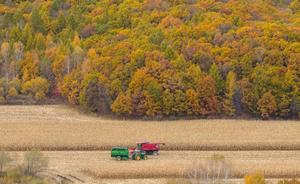 CHINA-HEILONGJIANG-OTOÑO-COSECHA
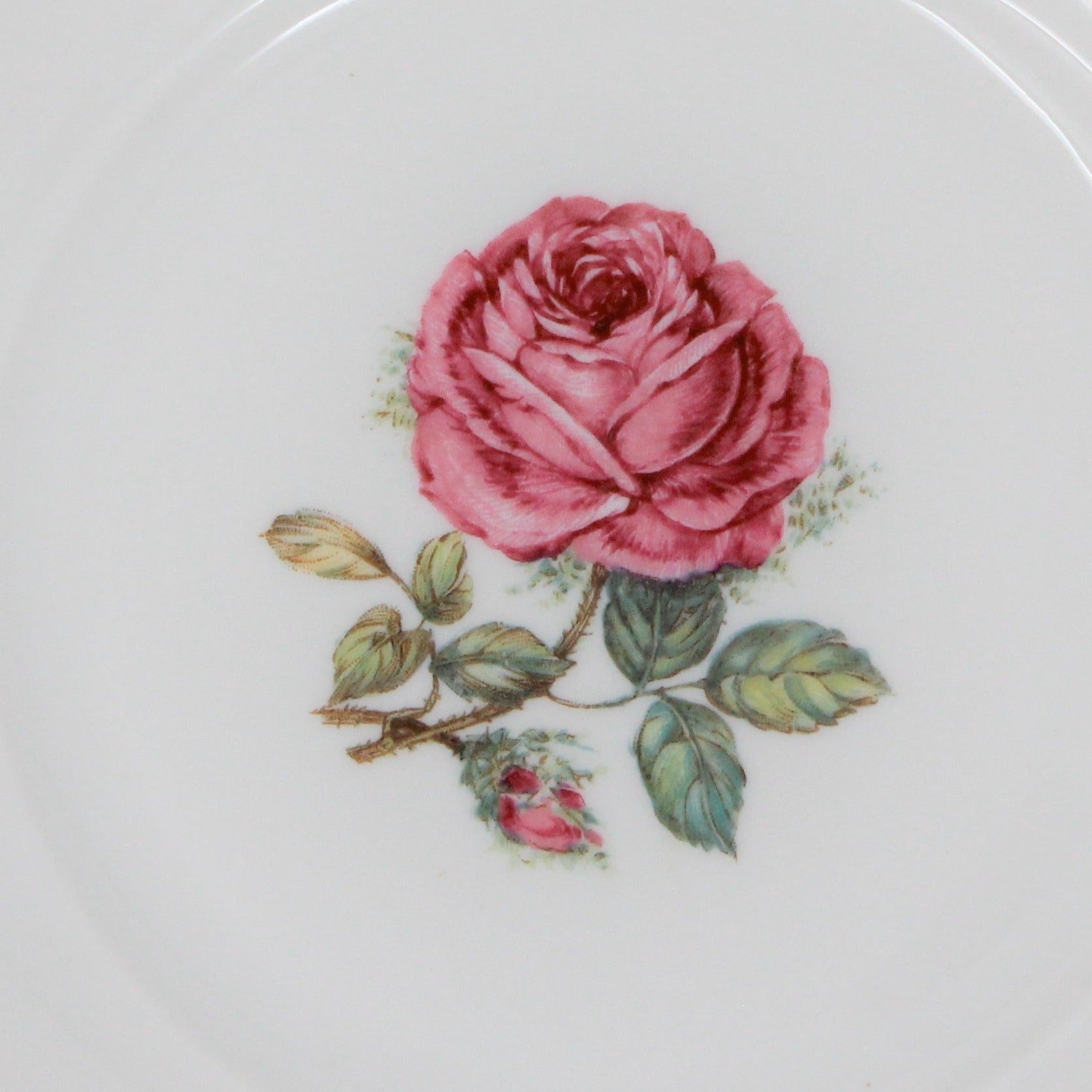 The Dundee pattern, large pink rose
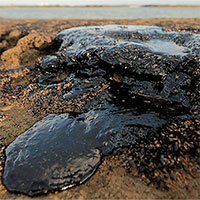 "Thủy triều đen" bí ẩn bóp nghẹt bờ biển hơn 4.400km của Brazil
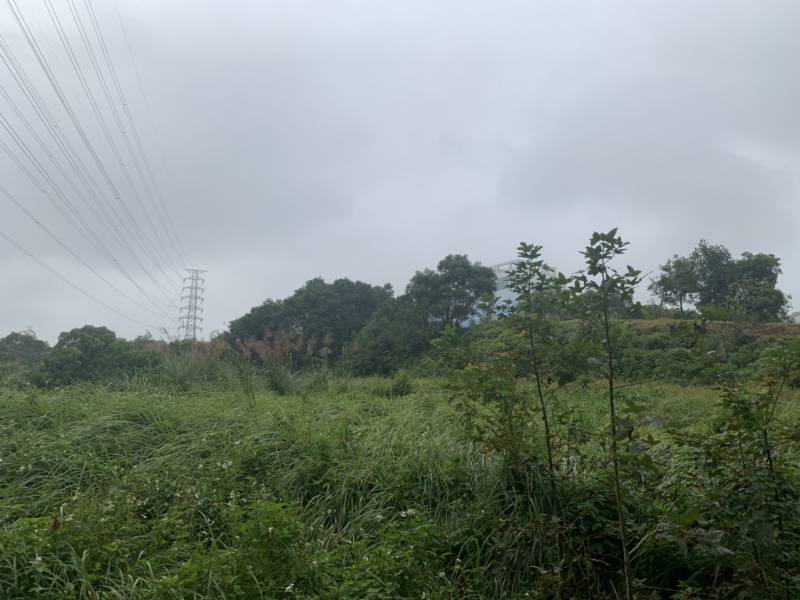 S__102334500.jpg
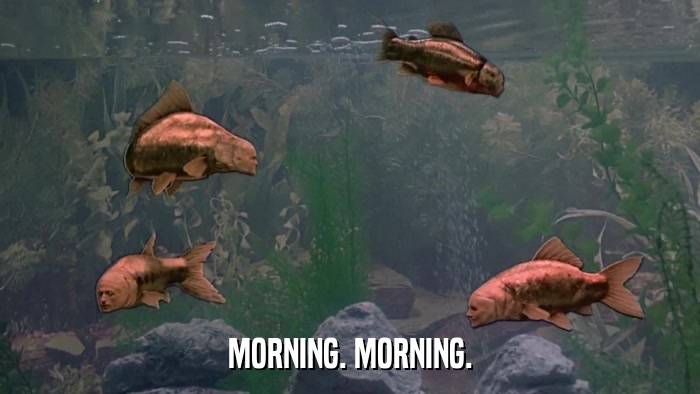 MontyPython morning fish.jpg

Required action → Copy the whole of the material above exactly, but not its images.

Answer section →
 CHINA-HEILONGJIANG-OTOÑO-COSECHA
 The Dundee pattern, large pink rose
 "Thủy triều đen" bí ẩn bóp nghẹt bờ biển hơn 4.400km của Brazil
 S__102334500.jpg
 MontyPython morning fish.jpg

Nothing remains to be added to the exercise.